Work to complete = For the entries that follow, retype exactly the lines from the one containing "Social Dance Club" to the one containing "Poly Yard Cart", inclusive, and only those. Images stay out of the copy.

(Crawled caption data)
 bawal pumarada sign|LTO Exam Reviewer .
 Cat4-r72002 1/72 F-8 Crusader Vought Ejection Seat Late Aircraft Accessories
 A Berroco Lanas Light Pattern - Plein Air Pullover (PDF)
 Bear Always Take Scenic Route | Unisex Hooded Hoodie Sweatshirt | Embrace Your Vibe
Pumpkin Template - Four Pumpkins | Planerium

--

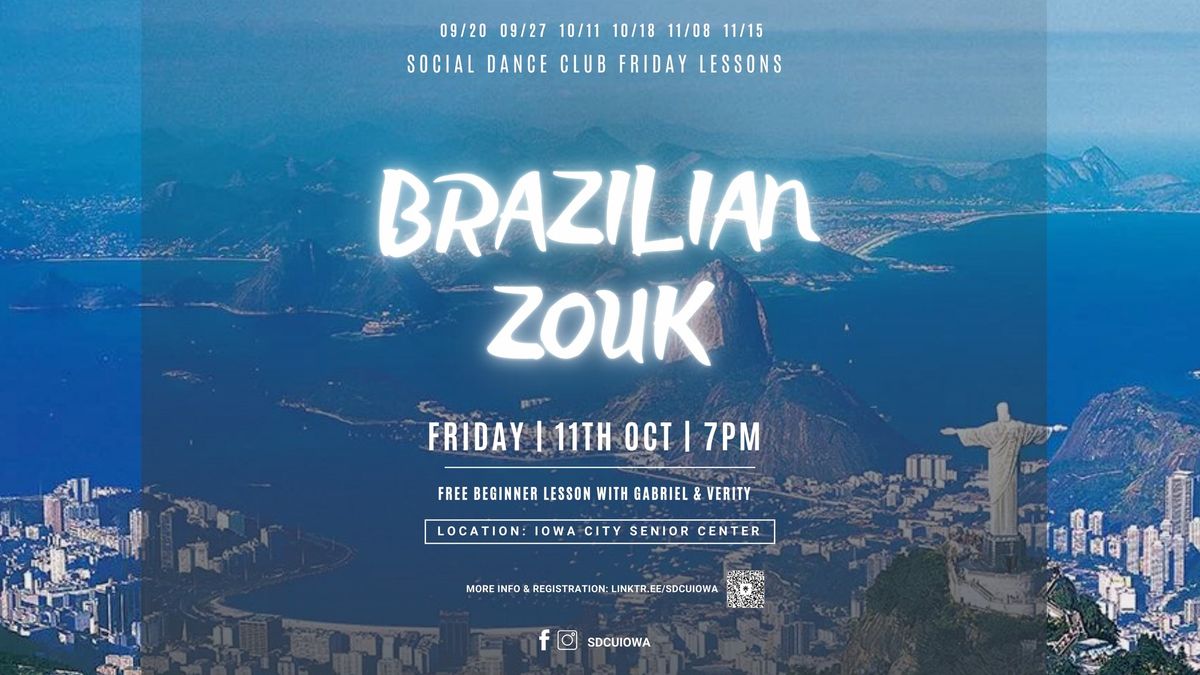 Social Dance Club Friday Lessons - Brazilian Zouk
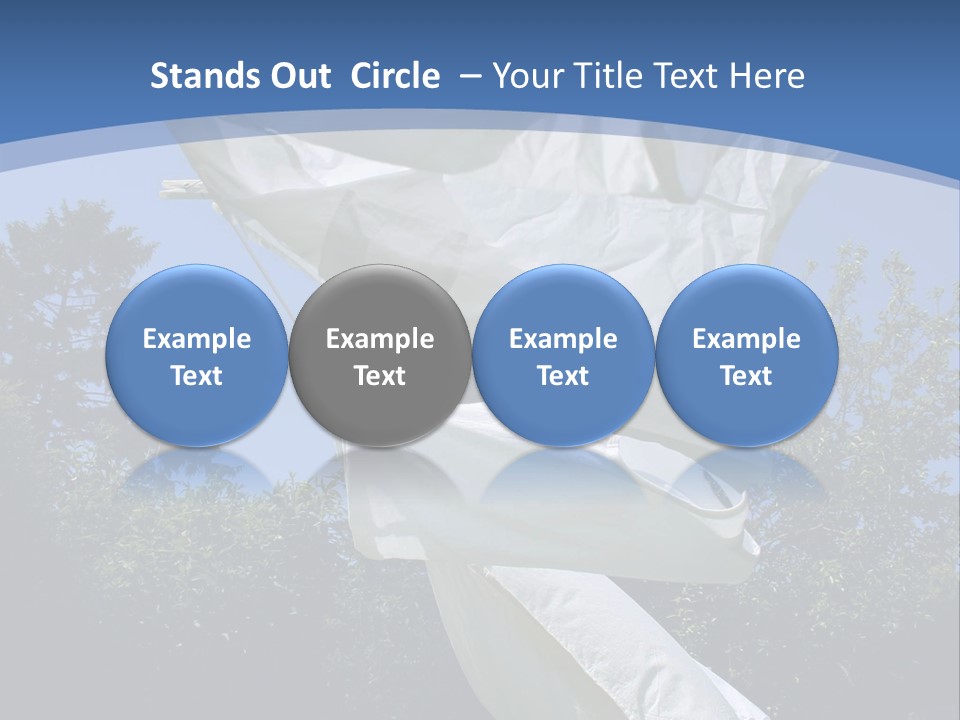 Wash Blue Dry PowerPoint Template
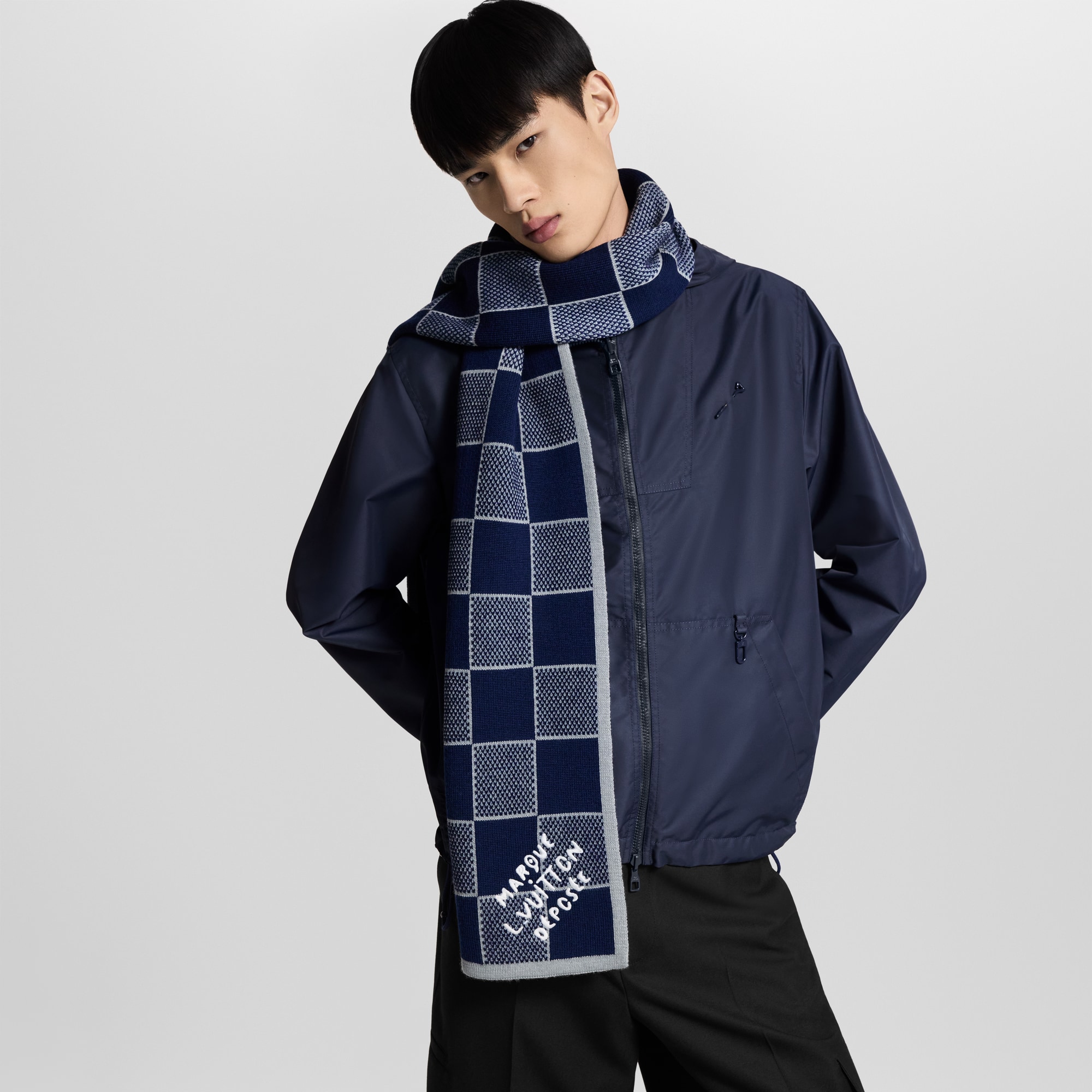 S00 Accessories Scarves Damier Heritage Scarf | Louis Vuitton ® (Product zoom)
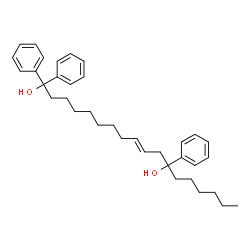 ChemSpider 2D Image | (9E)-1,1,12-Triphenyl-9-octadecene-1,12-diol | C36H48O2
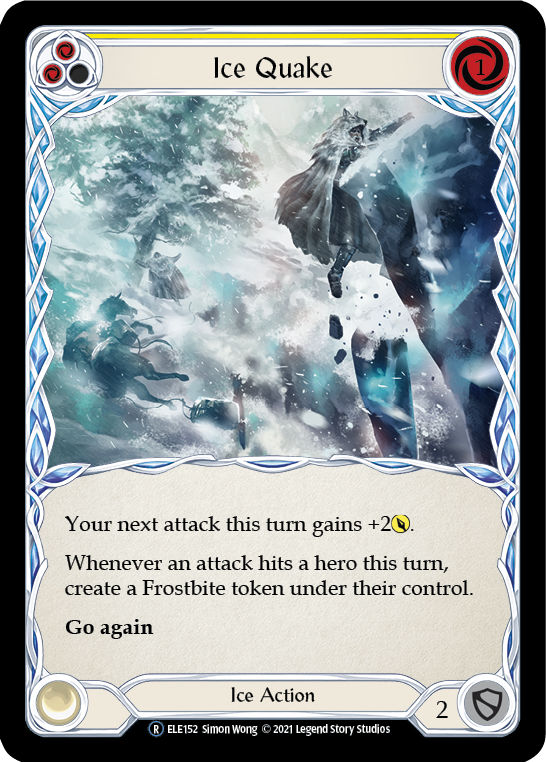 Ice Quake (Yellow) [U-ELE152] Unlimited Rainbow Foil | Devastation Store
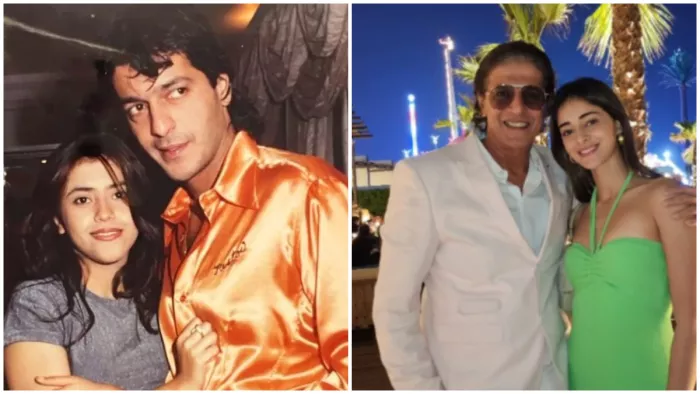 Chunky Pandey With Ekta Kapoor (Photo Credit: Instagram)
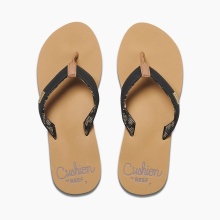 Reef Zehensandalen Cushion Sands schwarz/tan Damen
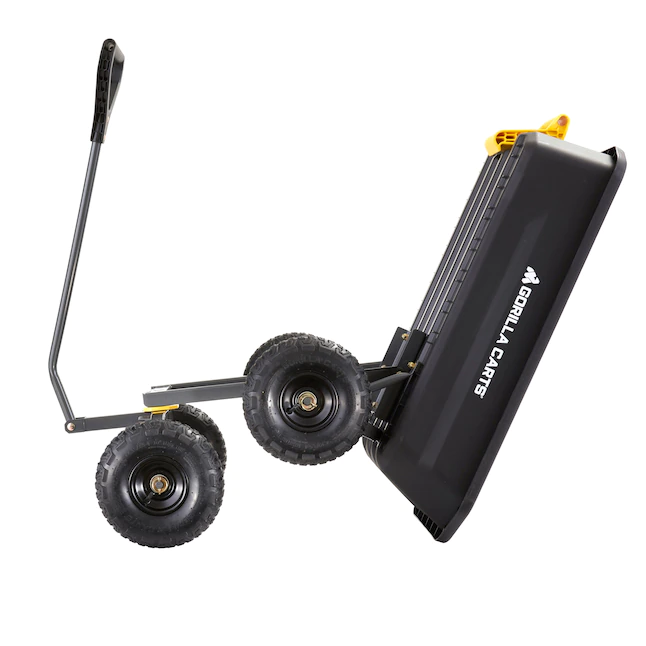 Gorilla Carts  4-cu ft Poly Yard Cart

==

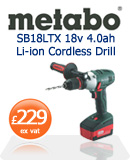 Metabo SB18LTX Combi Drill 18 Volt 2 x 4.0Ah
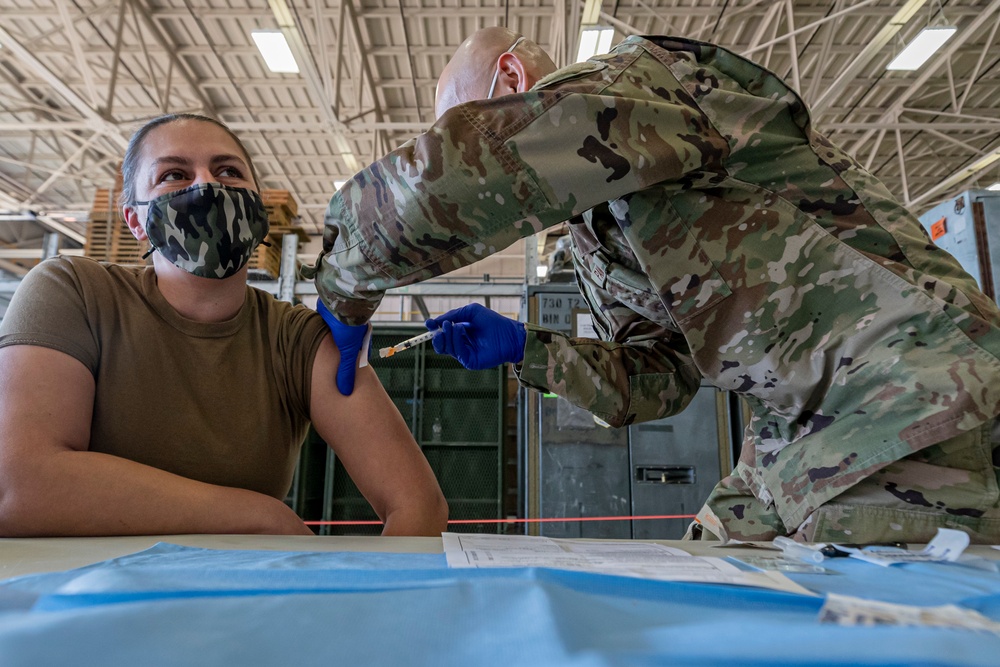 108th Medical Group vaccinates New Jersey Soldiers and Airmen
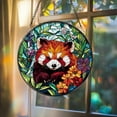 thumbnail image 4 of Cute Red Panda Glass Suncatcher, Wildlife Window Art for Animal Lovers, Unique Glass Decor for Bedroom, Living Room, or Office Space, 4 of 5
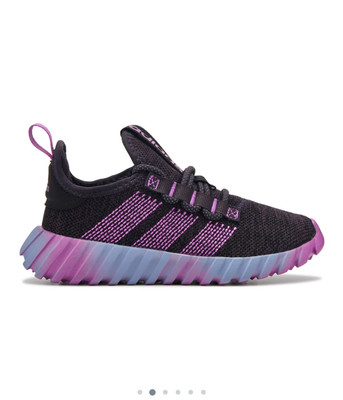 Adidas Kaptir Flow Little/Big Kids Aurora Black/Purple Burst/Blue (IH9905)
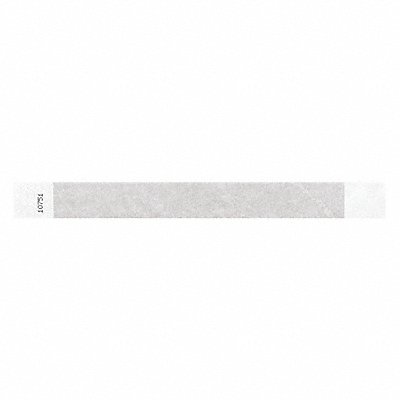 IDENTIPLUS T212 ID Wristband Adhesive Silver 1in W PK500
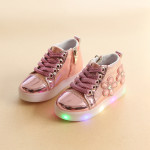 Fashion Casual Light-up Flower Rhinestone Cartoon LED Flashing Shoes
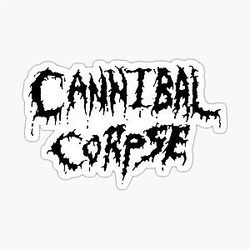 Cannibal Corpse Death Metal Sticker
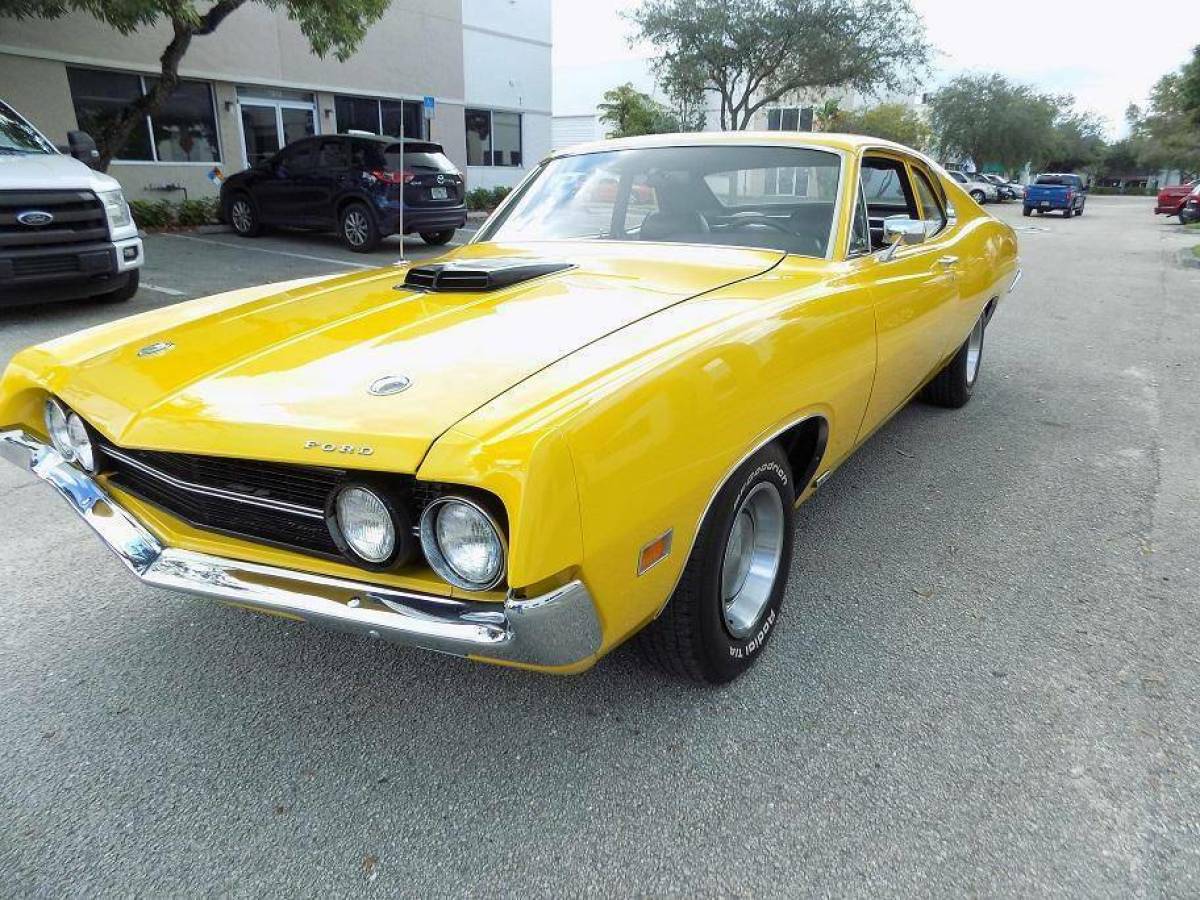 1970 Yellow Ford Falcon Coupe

Task output =
 Social Dance Club Friday Lessons - Brazilian Zouk
 Wash Blue Dry PowerPoint Template
 S00 Accessories Scarves Damier Heritage Scarf | Louis Vuitton ® (Product zoom)
 ChemSpider 2D Image | (9E)-1,1,12-Triphenyl-9-octadecene-1,12-diol | C36H48O2
 Ice Quake (Yellow) [U-ELE152] Unlimited Rainbow Foil | Devastation Store
 Chunky Pandey With Ekta Kapoor (Photo Credit: Instagram)
 Reef Zehensandalen Cushion Sands schwarz/tan Damen
 Gorilla Carts  4-cu ft Poly Yard Cart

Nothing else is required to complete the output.